[[ Input, beginning ]]
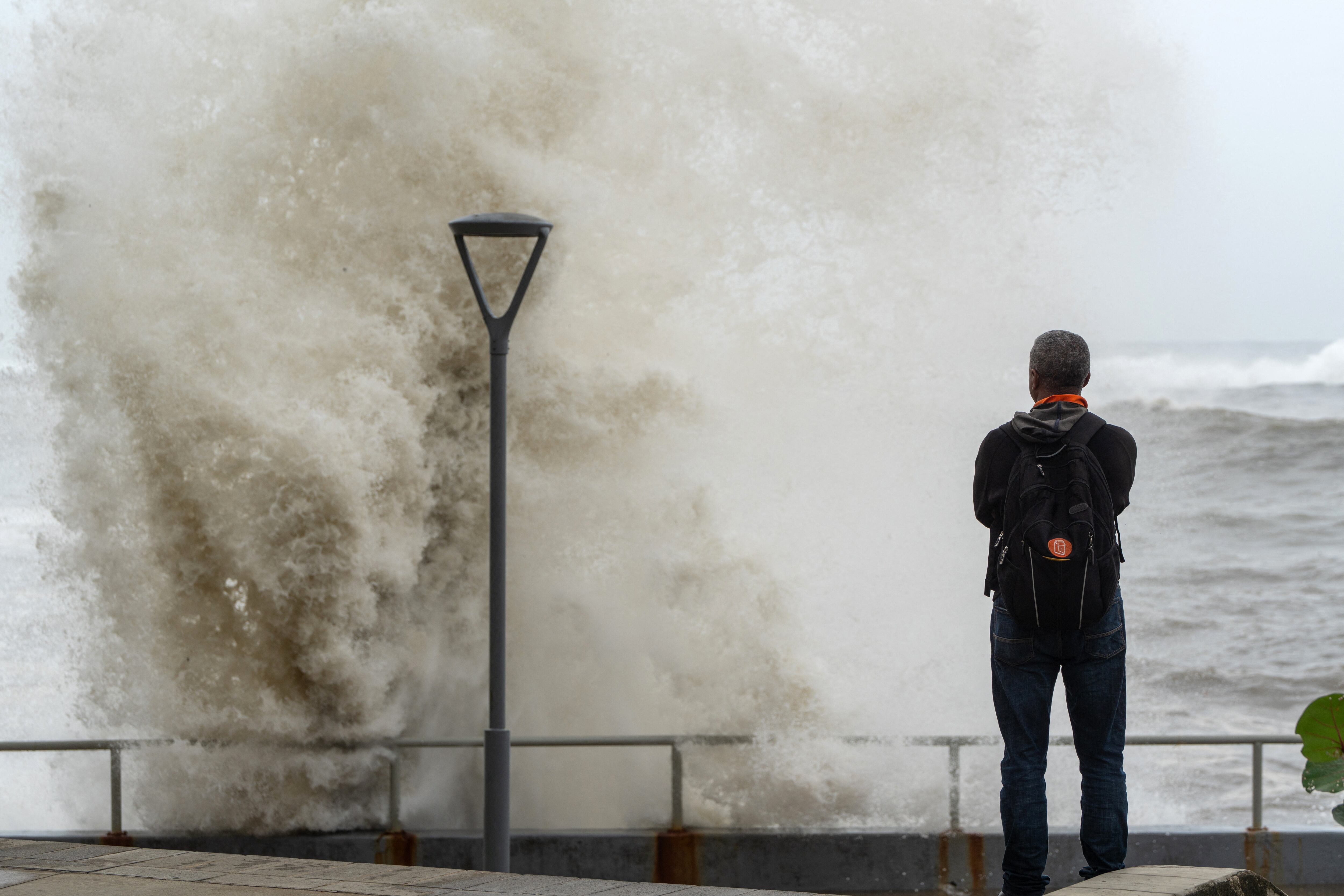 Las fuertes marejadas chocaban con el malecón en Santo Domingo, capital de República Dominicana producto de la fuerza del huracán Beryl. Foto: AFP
[[ Input, end ]]
[[ Input, beginning ]]
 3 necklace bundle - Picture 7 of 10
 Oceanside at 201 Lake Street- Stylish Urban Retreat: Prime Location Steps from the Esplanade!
[[ Input, end ]]
[[ Input, beginning ]]
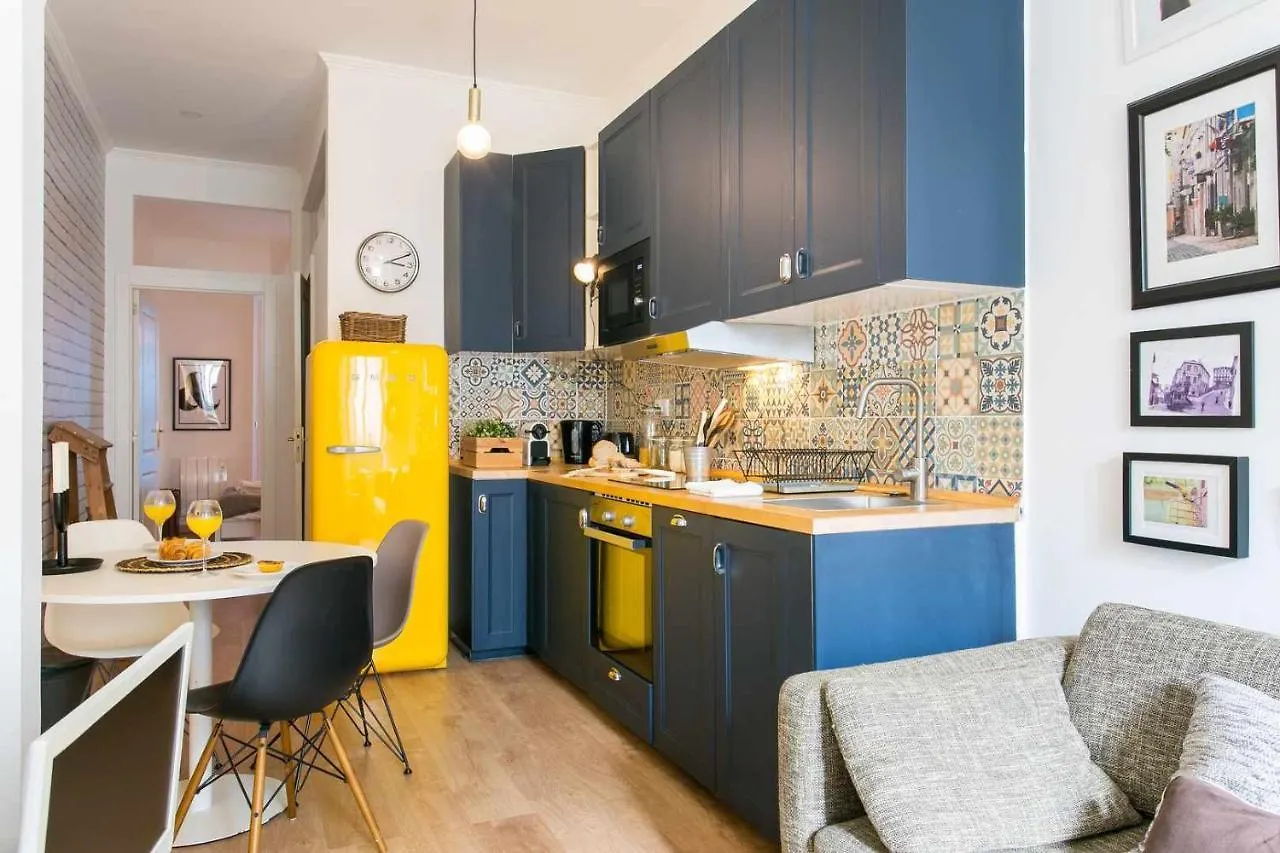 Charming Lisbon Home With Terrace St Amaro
[[ Input, end ]]
● Aim of the task:
Of the lines above, retype only those from the line containing "3 necklace bundle - Picture 7 of 10" through the line containing "Oceanside at 201", including both, exactly.

● Written solution:
 3 necklace bundle - Picture 7 of 10
 Oceanside at 201 Lake Street- Stylish Urban Retreat: Prime Location Steps from the Esplanade!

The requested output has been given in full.